Government reviews role of apologies in civil litigation


Bellamy: Should it be easier to make an apology?

The government today launches a consultation on whether it should be easier to apologise in civil proceedings without admitting liability.

The Ministry of Justice (MoJ) said the Compensation Act 2006, which first legislated for this, has had little impact and it is seeking evidence on why and whether fresh legislation is required.

The consultation paper cites the Apologies (Scotland) Act 2016 as a possible model, although its impact is also thought to be quite low.

Justice minister Lord Bellamy said: “While there is little empirical evidence to suggest how effective the current legislation is, the general view is that it has had very little impact as parties are understandably very averse to offering apologies for fear of liability being admitted.

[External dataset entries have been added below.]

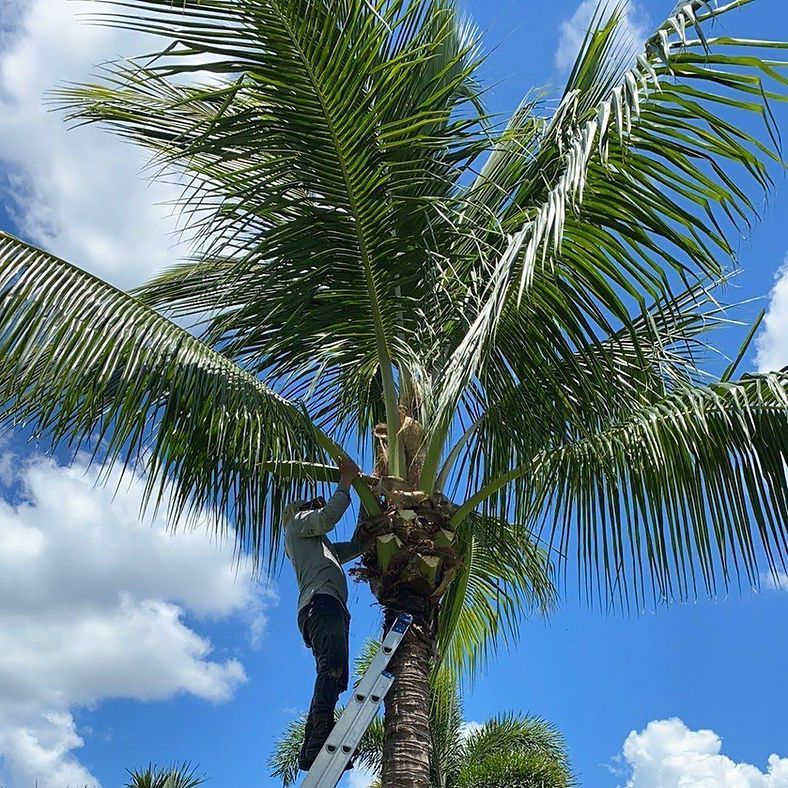 A person on a ladder trims a tall palm tree under a blue sky with fluffy white clouds.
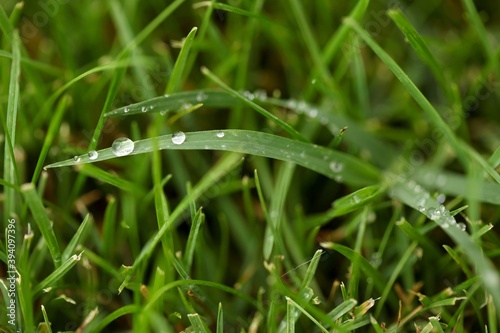Blades of grass close-up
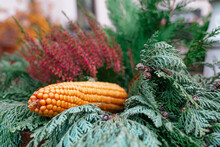 Closeup Shot Of A Corncob On Decorated Fir Leaves For Holidays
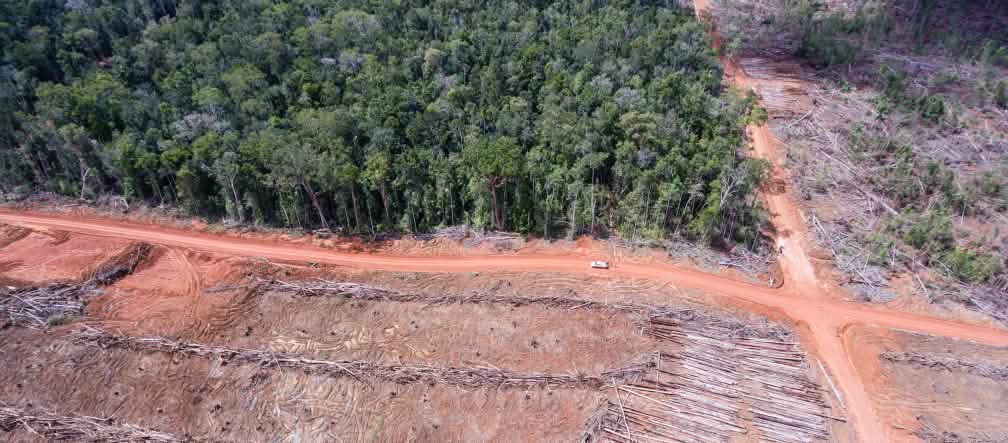 Il partner commerciale di Samsung, Korindo, sta distruggendo la foresta nella provincia indonesiana di Papua Foto aerea della deforestazione per fare spazio alle piantagioni di palma da olio dell'azienda Korindo a Papua, Indonesia.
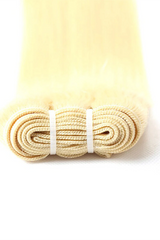 Premium Blonde Hair Extensions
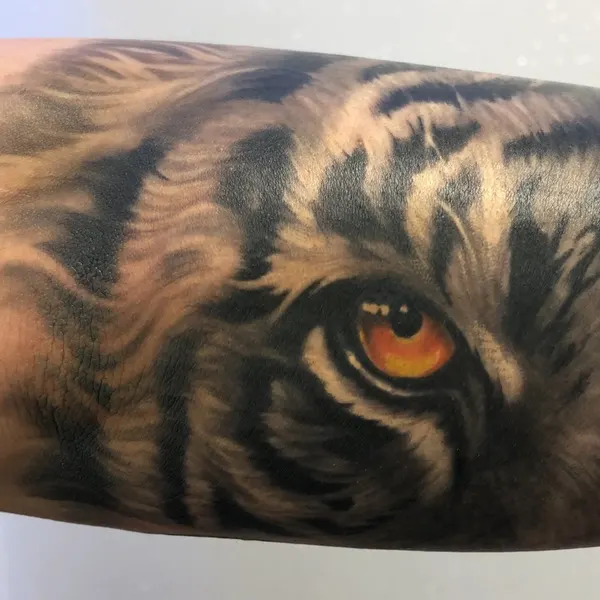 Tiger, 일본 호랑이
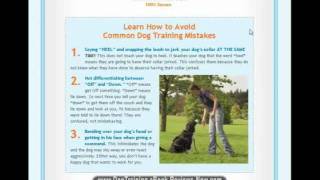 Dove Cresswell Dog Training Review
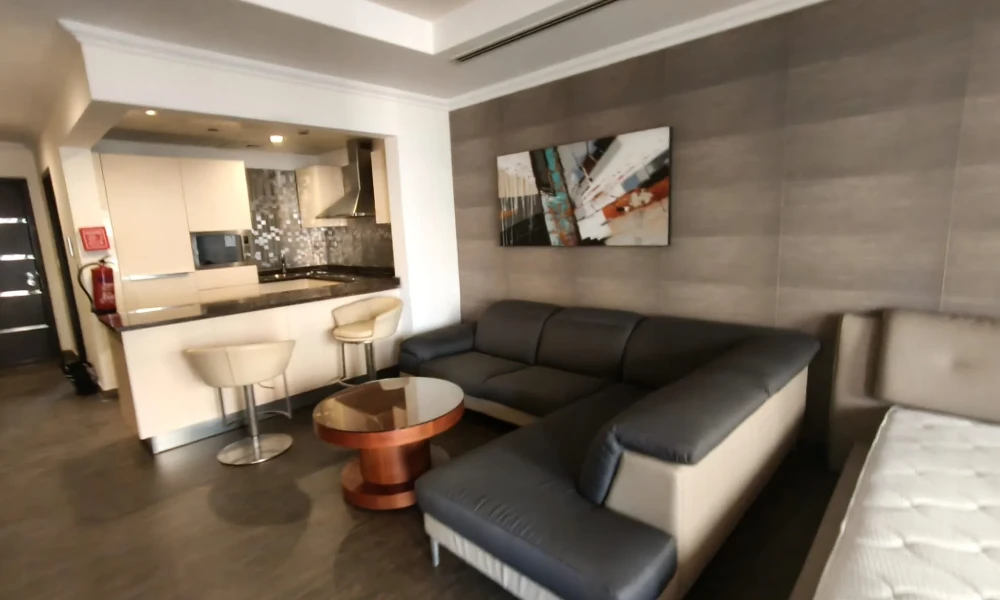 STUDIO FF | READY-TO-MOVE-IN | THE PEARL small 1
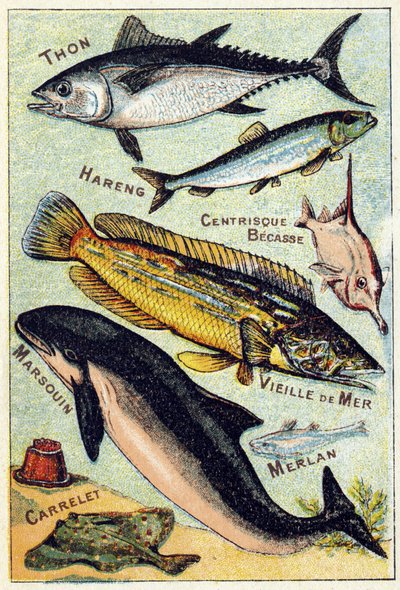 Placa 3: Atún, Arenque, Pico céntrico, Viejo Mar, Marsopa, Bacaladilla, Teja. Grabado en "Silabario alfabeto de peces marinos y de agua dulce". Serie A. Pellerin et Cie, impresores-editores, Epinal, finales del siglo XIX. Cromolitografías. Pequeño álbum pu de French School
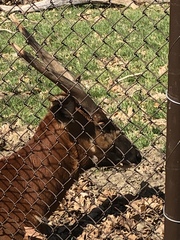 Tragelaphus eurycerus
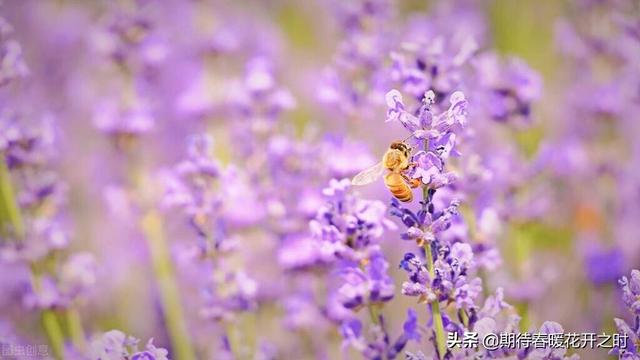 薰衣草的花语是什么，薰衣草的花语（薰衣草花寓意-奇迹、浪漫、与爱再相遇）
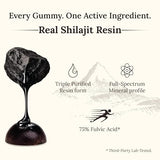 Gomme Shilajit Miresi énergie et vitalité au quotidien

“This consultation, therefore, looks at the role of apologies generally within the sphere of civil justice and asks whether the Compensation Act is suitable or whether it should be replaced with new legislation, and if so, what the new regime should be.”

Section 2 of the Compensation Act provides that “an apology, an offer of treatment or other redress, shall not of itself amount to an admission of negligence or breach of statutory duty”. It does not define an apology.

The aim of the Scottish law was to provide legal certainty that an apology – as defined by the Act – could not be used as evidence in civil proceedings.

It also applies to a wider range of proceedings, namely all civil proceedings apart from certain specified exceptions, such as defamation and public inquiries.

The MoJ said it was “not minded” to go as far as a 2017 law in Hong Kong, which prescribes that an apology will not constitute an admission of fault or liability even if it includes such an admission, nor may it be admissible in evidence to the detriment of the apology maker.

Any statement of fact included in the apology will also, in most cases, be inadmissible in evidence against those making an apology.

The consultation said this meant that the fault still needed to be proven in court and “may well represent a duplication of work for the claimants and an increase in their costs that may not be recoverable”.

Lord Bellamy said it addressed the “fundamental question” of whether it should be easier to make an apology and the MoJ wanted to hear real-life experiences.

“There are points to be made on both sides. Some argue that protected apologies help settle cases early and so it should be easier to make one,” he said.

“On the other hand, others believe that the apology will not assist in the resolution and therefore that the desire for one need not be addressed in an apologies statute.”

The consultation also takes forward the 2019 recommendation of the Independent Inquiry into Child Sexual Abuse to consider amending the Compensation Act to make clear that section 2 extends to cases involving vicarious liability for child sexual abuse.

It further considers alternative approaches involving secondary legislation or guidance, such as extending the apology provisions in the pre-action protocol for the resolution of clinical disputes to cover more claims of tortious liability via other pre-action protocols.

The consultation follows a private members’ bill introduced by Conservative MP John Howell in 2020 that failed to complete its passage through Parliament, but received confirmation that the government would consult when time allowed.

Mr Howell said: “It should be the mark of both a mature democratic society, and, of its dispute resolution system, that an apology, whether made publicly or privately, can and should be allowed to be meaningful, and, helpful rather than simply a necessary yet tokenistic gesture.”